China is not only sucking in raw materials from other developing economies, just as it has during the past decade. It is has also begun making investments in infrastructure and industry in those countries, some of which are made possible by its cut-price and increasingly sophisticated manufacturing companies or by the attractive financing terms it can offer. Beijing has for some years been investing in this way in parts of Africa: now such deals are being rolled out around the world. For many developing countries, the impact of the China boom is coming full circle.

"It is the start of a new cycle," says Ben Simpfendorfer, an economist at RBS and author of The New Silk Road, a book on the surging economic ties between China and the Middle East, Central Asia and South Asia. "China has companies that are willing to invest, they have products that are good enough, and they are backed by abundant liquidity in the country's financial system."

Ian Bremmer, president of the Eurasia consultancy and author of the recent book, The End of The Free Market, says there is no accident to this China-led process of decoupling from the west. It is, he says, a strategy to reduce economic and to some extent political dependence on the US.

"It is a very conscious policy, on the top of the agenda for the entire Chinese leadership," he says. "They are looking for a hedging strategy because they feel uncertain about the long-term economic prospects of the developed world."

Promoting innovation and stimulating domestic consumption are also part of that strategy, he argues, but pushing stronger economic integration with the rest of the developing world is the "one strategy that can be done quite quickly".

Nowhere is the impact of this process being felt more keenly than in Brazil.

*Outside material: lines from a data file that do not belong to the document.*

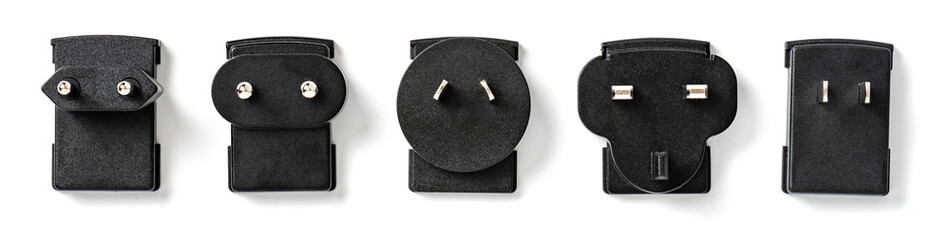 Various black electrical plugs on a white background. Plugs of different countries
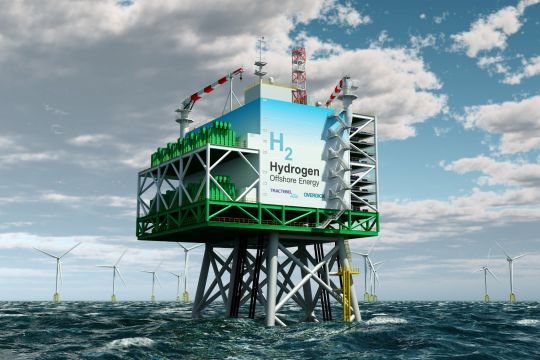 Plattform steht im Meer, darauf ein hausgroßer Kasten mit der Aufschrift "H₂ Hydrogen Offshore Energy".in einiger Entfernung stehen Windräder.
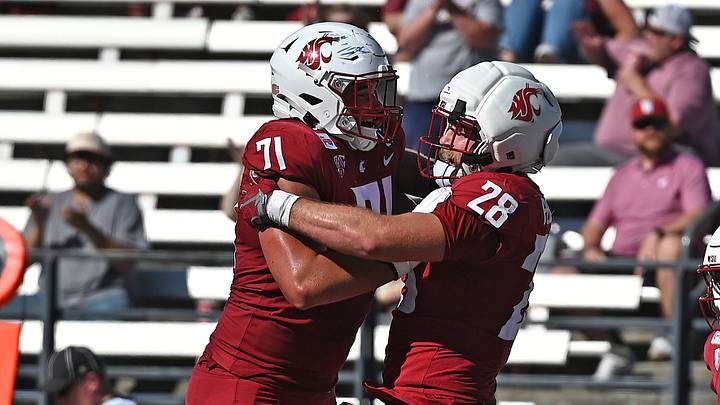 Washington State Cougars tight end Jack Pedersen (28) and offensive lineman Ashton Tripp (71) celebrate a touchdown against the Duquesne Dukes during the second half at Gesa Field at Martin Stadium. Washington State Cougars tight end Jack Pedersen (28) and offensive lineman Ashton Tripp (71) celebrate a touchdown against the Duquesne Dukes during the second half at Gesa Field at Martin Stadium.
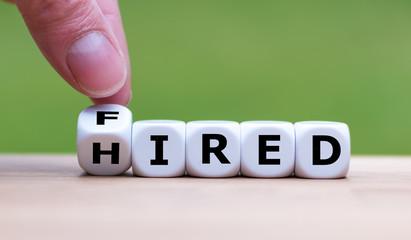 Hand is turning a dice and changes the word "fired" to "hired"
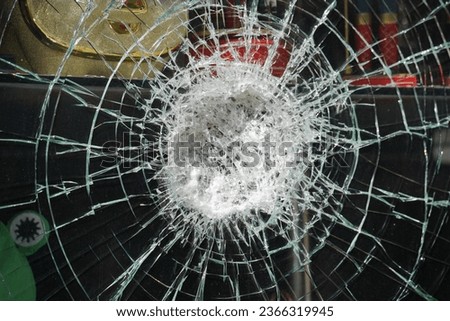 Cracks on the glass, impact on the glass. Broken window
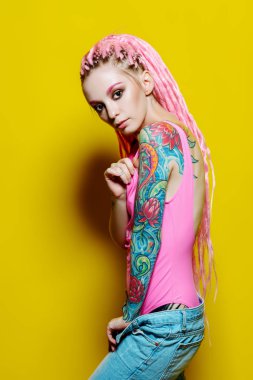 Sarı arka planda parlak elbiseler giymiş pembe rastalı şık bir kız. Güzellik, moda.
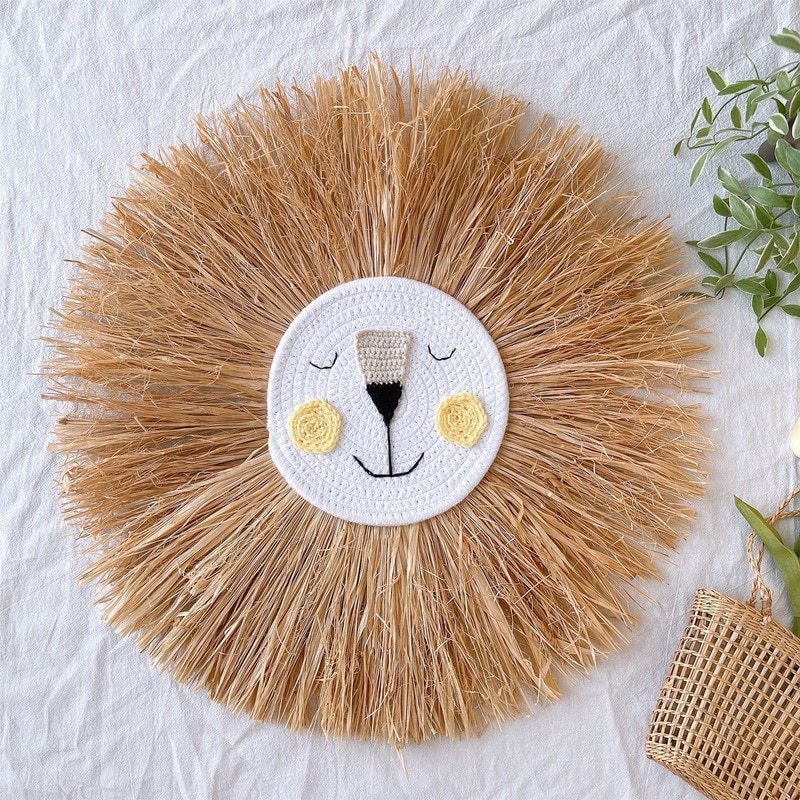 Rattan lion animal wall decor, handmade bohemian nursery art for a baby's or kids' room.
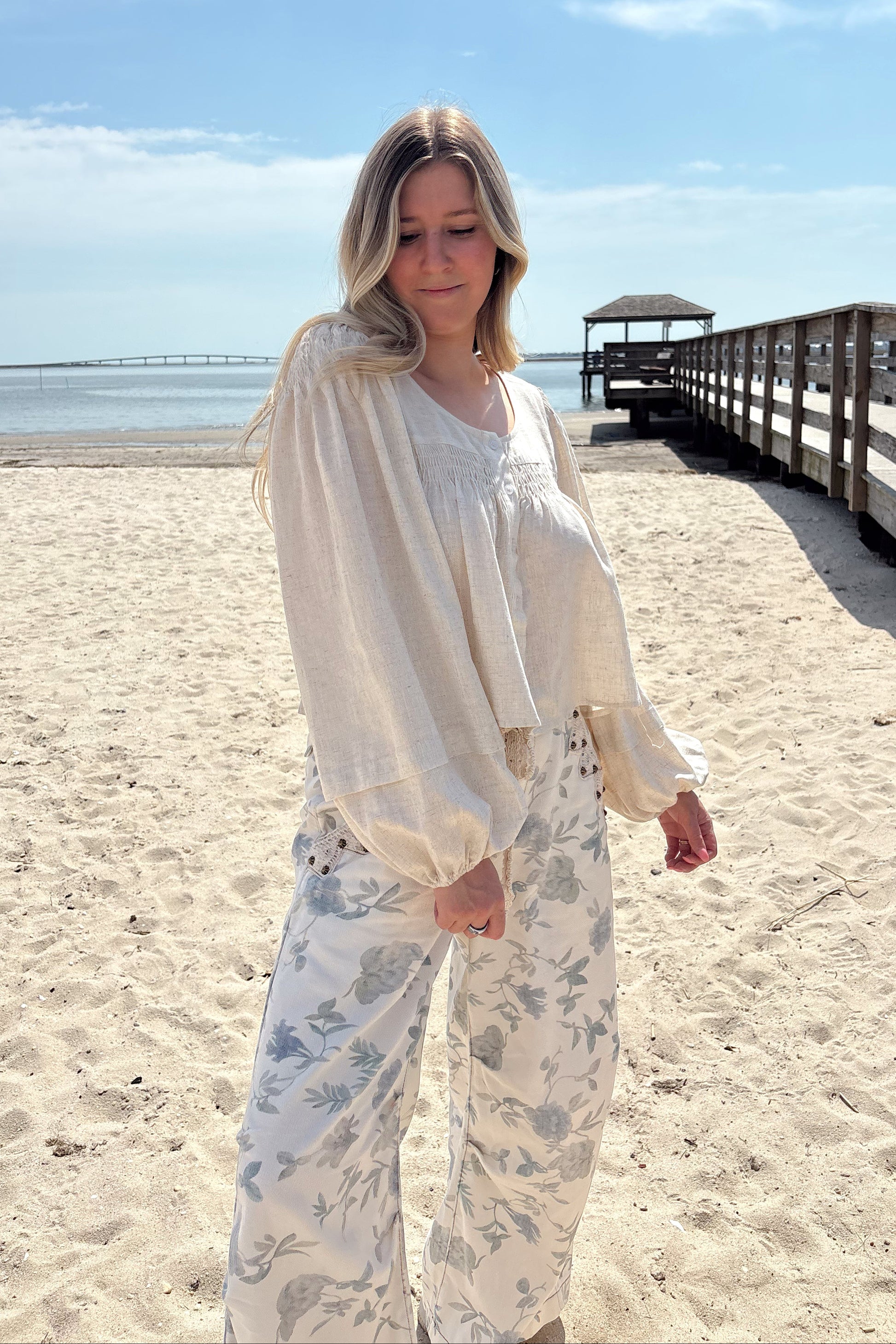 Person wearing a white shirt with floral patterned pants on a beach.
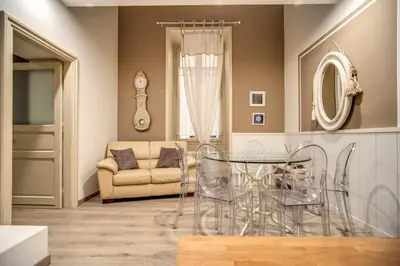 a dining room with a glass table and a couch at Trevi Miracle Suite in Rome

As trade has boomed with China during the past decade, Brazilians have sometimes complained of being relegated once again to their 20th century role of providing commodities to the industrial powers. But in the past year, the long-awaited wave of Chinese investment in the country appears finally to have reached Brazil's shores. While it reached only $92m in 2009, the country's officials estimate that it will exceed $10bn this year.

 

Wuhan Iron and Steel, for instance, paid $400m for a stake in a mining company owned by Brazilian industrialist Eike Batista, and is planning to build a huge steel mill beside the port near Rio de Janeiro that another of Mr Batista's companies is constructing. Lifan, one of China's biggest manufacturers of motorcycles and cars, already exports heavily to Brazil. Now the company's founder, Yin Mingshan, says it is considering opening a plant to build cars in the country. "Brazil is a very promising market, with a vast territory and a big domestic market", he says, "Some Chinese businessmen are foolish enough to ignore doing business in Brazil but I am not that stupid."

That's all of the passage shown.